At 3 p.m. on July 14, a Serb officer with the code name Hawk radioed in that he had found 50 men in the forrest. "We must kill them," he said.

His colleague, "Montenegro" replied: "Do it slowly. We don't need any surprises. Surround them and kill them slowly."

Two hours later Hawk reported: "I've done it. That problem isn't a problem any more."

As press reports multiplied, UN headquarters in New York asked Akashi to keep it better informed. "There have been no reports of physical mistreatment," Akashi reported July 12. "We have been... unable to ascertain if individuals are being moved with or against their will."

The next day headquarters cabled back: "It has come to our attention that the Serbs have separated males of military age from amongst the displaced persons and brought them to Bratunac."

That day Akashi reported that some 4,000 draftage males were being "detained and screened" by the Bosnian Serb army. On July 17 Akashi referred to the unaccounted-for persons and possible detainees as "a large gap in our database."

The next day, UN headquarters, citing "widespread and consistent" reports of atrocities, complained: "We have heard nothing on the subject" from Akashi.

Asked in an interview this month if he had under-reported the facts, Akashi said: "I cannot say whether we did so or not, as I say, in hindsight it might have been so."

Despite the failure on his watch, Akashi said he had not considered resigning. "I feel it was my duty to do my best in carrying out my job under difficult circumstances," he said in the interview. "So long as I had the confidence of the UN secretary-general, I felt I should continue.

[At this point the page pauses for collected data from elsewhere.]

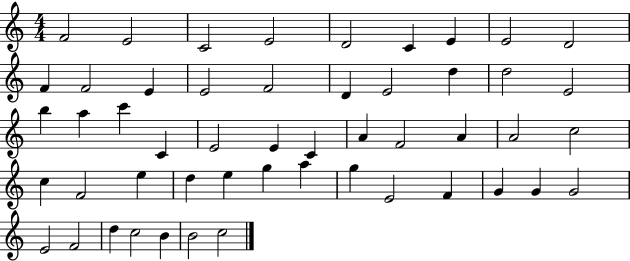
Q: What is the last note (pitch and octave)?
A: C5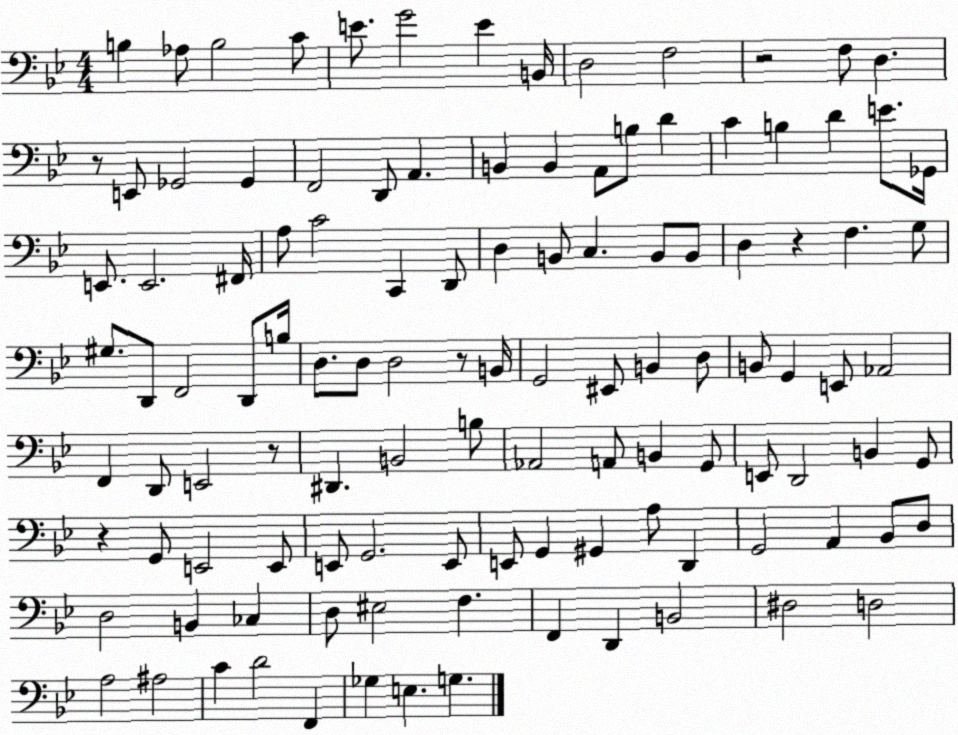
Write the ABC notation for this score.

X:1
T:Untitled
M:4/4
L:1/4
K:Bb
B, _A,/2 B,2 C/2 E/2 G2 E B,,/4 D,2 F,2 z2 F,/2 D, z/2 E,,/2 _G,,2 _G,, F,,2 D,,/2 A,, B,, B,, A,,/2 B,/2 D C B, D E/2 _G,,/4 E,,/2 E,,2 ^F,,/4 A,/2 C2 C,, D,,/2 D, B,,/2 C, B,,/2 B,,/2 D, z F, G,/2 ^G,/2 D,,/2 F,,2 D,,/2 B,/4 D,/2 D,/2 D,2 z/2 B,,/4 G,,2 ^E,,/2 B,, D,/2 B,,/2 G,, E,,/2 _A,,2 F,, D,,/2 E,,2 z/2 ^D,, B,,2 B,/2 _A,,2 A,,/2 B,, G,,/2 E,,/2 D,,2 B,, G,,/2 z G,,/2 E,,2 E,,/2 E,,/2 G,,2 E,,/2 E,,/2 G,, ^G,, A,/2 D,, G,,2 A,, _B,,/2 D,/2 D,2 B,, _C, D,/2 ^E,2 F, F,, D,, B,,2 ^D,2 D,2 A,2 ^A,2 C D2 F,, _G, E, G,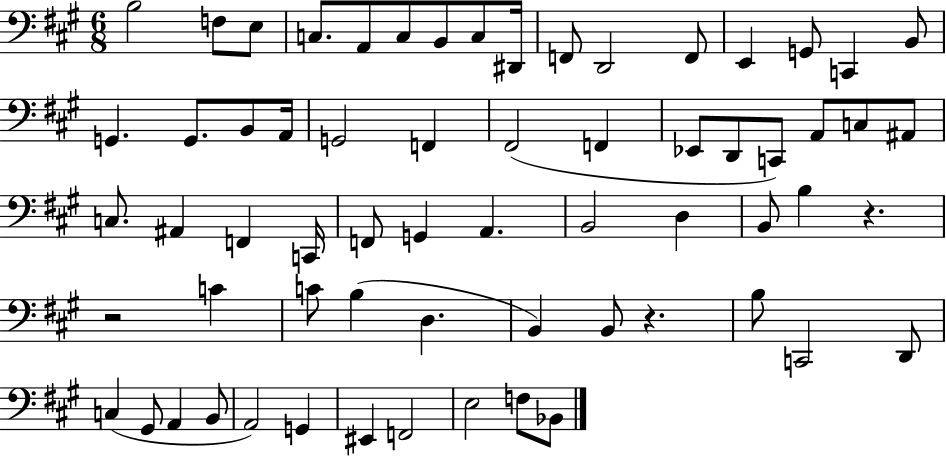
X:1
T:Untitled
M:6/8
L:1/4
K:A
B,2 F,/2 E,/2 C,/2 A,,/2 C,/2 B,,/2 C,/2 ^D,,/4 F,,/2 D,,2 F,,/2 E,, G,,/2 C,, B,,/2 G,, G,,/2 B,,/2 A,,/4 G,,2 F,, ^F,,2 F,, _E,,/2 D,,/2 C,,/2 A,,/2 C,/2 ^A,,/2 C,/2 ^A,, F,, C,,/4 F,,/2 G,, A,, B,,2 D, B,,/2 B, z z2 C C/2 B, D, B,, B,,/2 z B,/2 C,,2 D,,/2 C, ^G,,/2 A,, B,,/2 A,,2 G,, ^E,, F,,2 E,2 F,/2 _B,,/2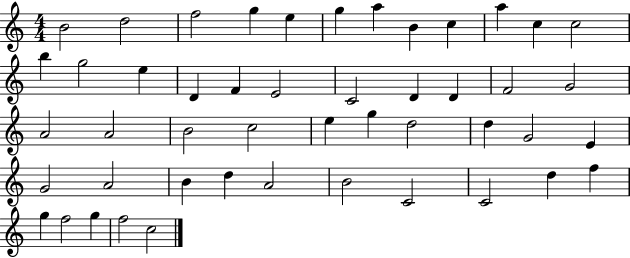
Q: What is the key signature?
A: C major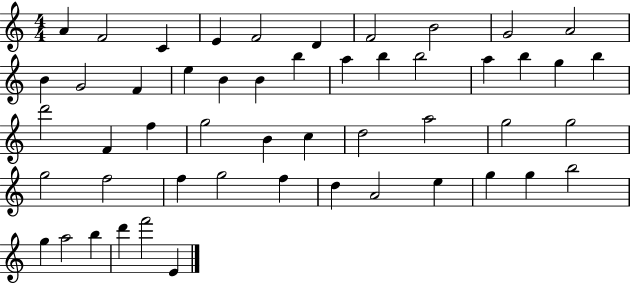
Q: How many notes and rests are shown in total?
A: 51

Abdication of my responsibility would have been an act of irresponsibility."

Janvier's career appears to be over. He is on an extended leave, and is likely to retire, aides said. "The hostage affair finished him," said the close aide. "He was left out on a limb by himself. He really thought he was doing the best he could. He was naive to believe Mladic. But what else could he do?"

In Washington, the soul-searching continues. "Could we have done a better job? Yes," said Toby Gati, the assistant secretary of State for Intelligence and Research. "There was an intelligence myopia, focusing on military aspects and much less on how do I support the broader policy."

"They wanted us in more," Gati said of the Bosnians. "Do you know how many times we heard this? They were getting bombed out. Which one do you respond to? The times they cried wolf in one month - the problem is, they were crying about a real wolf."